In deze zaak heeft de passagier, Kenya Airways Limited, een vordering ingesteld tegen de vervoerder wegens compensatie voor een vertraagde vlucht van Amsterdam naar Nairobi op 16 mei 2022. De passagier heeft de vervoerder bij dagvaarding van 8 november 2023 in verzet gesteld tegen een eerder verstekvonnis van 11 oktober 2023, waarin de vervoerder was veroordeeld tot betaling van compensatie. De passagier vorderde €600,00 voor de vertraging, gebaseerd op de Europese Verordening (EG) nr. 261/2004. De vervoerder heeft echter aangevoerd dat de passagier al eerder compensatie had ontvangen via AirHelp en dat de vordering daarom ongegrond was.
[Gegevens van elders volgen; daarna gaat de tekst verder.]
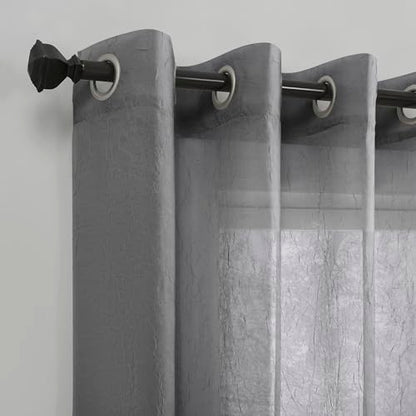 No. 918 Erica Crushed Sheer Voile Grommet Curtain Panel - color: Charcoal Gray, size: 51"W x 84"L (Pack of 1)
De kantonrechter heeft vastgesteld dat de Nederlandse rechter bevoegd is en dat de vervoerder voldoende bewijs heeft geleverd dat de compensatie al was voldaan. De passagier heeft niet gereageerd op het verweer van de vervoerder, waardoor de feiten van de vervoerder als vaststaand zijn aangenomen. De kantonrechter heeft geoordeeld dat het verzet gegrond is en dat het verstekvonnis niet in stand kan blijven. De passagier is niet-ontvankelijk verklaard in zijn oorspronkelijke vordering.
Daarnaast heeft de vervoerder verzocht om vergoeding van de werkelijke proceskosten, waarbij de kantonrechter heeft opgemerkt dat er sprake is van misbruik van procesrecht door de passagier. De kantonrechter heeft de vervoerder in de gelegenheid gesteld om de werkelijke proceskosten te specificeren, waarna de passagier hierop kan reageren. De zaak is aangehouden voor verdere behandeling.